The Cameron government’s austerity policies, including spending cuts, higher fees and the contentious reorganization of the National Health Service, have soured many independent voters on the Conservatives and Liberal Democrats. The 45-year-old Mr. Miliband, meanwhile, is widely regarded as having been a lackluster opposition leader since taking over the party five years ago.

Five years on, the British economy is out of recession — it grew by 2.8 percent in 2014, although by a less impressive 0.3 percent in the first quarter of 2015. The spending cuts have helped drive down the national deficit, while unemployment has fallen from nearly 8 percent to 5.6 percent under Mr. Cameron’s watch.

“People can see in the end it is all about the economy and keeping the economy moving forward, and that’s what we offer, and that’s the argument we’re making in this closing stage,” the 48-year-old prime minister told supporters at a suburban London garden center Wednesday, claiming the Tories had the momentum in the campaign’s final days.

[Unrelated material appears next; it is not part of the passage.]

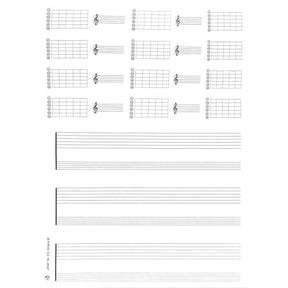 Notenblock für Gitarre mit TAB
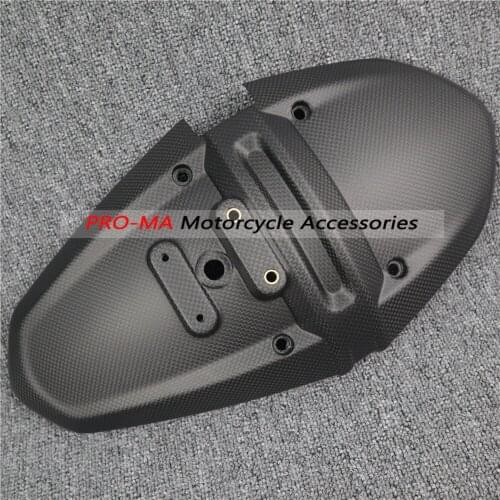 Rear Fender(Rear hugger/Rear Splash Guard) in Carbon Fiber For MV Agusta Rivale 800, Brutale Dragster 800 2014 Plain Matte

Many British voters don’t believe Mr. Cameron can take credit for the rebound, but they are suspicious of giving Labor the reins of power given the party’s record having been in control of Westminster when the 2008 global financial crisis first hit.

Mr. Miliband, making his closing argument at a campaign stop Wednesday, said Britain’s economic rebound had failed to help the vast majority of working Britons.

The choice, he said, was “between a Labor government that will put working people first or a Tory government that will only ever work for the privileged few.”

Whether the messages are hitting home is another question.

“All the existing political parties are finding it very difficult to convince the electorate that they are telling the truth,” said John Bartle, a professor of government at the University of Essex.

Labor supporter Dave Marsland from Manchester echoed a common view among left-wing voters. “Labor would save the National Health Service and put an end to the draconian austerity measures that Cameron insists are necessary,” he said. “David Cameron is aloof and out of touch.”

But Conservative voter Steve Timothy, a resident of Sheffield in northern England, felt the Tories hadn’t played up the economic recovery enough.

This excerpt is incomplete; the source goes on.